Dies verstößt gegen den Grundsatz des freien Dienstleistungsverkehrs zwischen den Mitgliedstaaten sowie gegen die Richtlinie 98/34/EG, die vorschreibt, dass vor Einführung von Vorschriften für Dienstleistungen im Bereich der Informationstechnologie durch einen Mitgliedstaat alle anderen Mitgliedstaaten sowie die Kommission zu informieren sind.

Im vergangenen Juni wurde mir in Beantwortung einer parlamentarischen Anfrage mitgeteilt, dass die Angelegenheit Gegenstand einer Untersuchung durch die Kommission sei.

Könnten wir erfahren, wieweit die Untersuchung gediehen ist und ob inzwischen Maßnahmen ergriffen wurden?

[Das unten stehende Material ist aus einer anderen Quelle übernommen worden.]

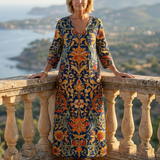Elise | Robe midi fleurie, ornée et épurée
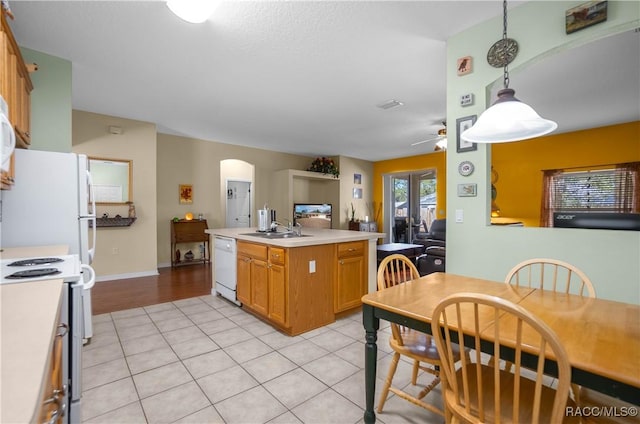 kitchen with ceiling fan, decorative light fixtures, sink, light tile patterned flooring, and white appliances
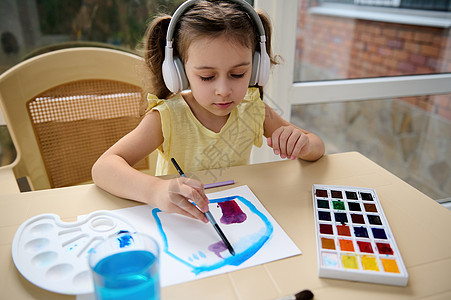 戴耳机的可爱学龄前女孩 小艺术家画画 用水彩颜料 爱好 美术大师班图片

Ich bin ebenfalls der Ansicht, dass dieser sich rasant entwickelnde Sektor einen Rechtsrahmen mit entsprechenden Normen und Vorschriften erhalten muss, mit denen sich diese Dienstleistungen ernsthaft regulieren lassen.

Dann wären Verbraucher und Minderjährige geschützt, während gleichzeitig seriöse Betreiber die Möglichkeit hätten, in allen Mitgliedstaaten der Europäischen Union ungehindert tätig zu sein.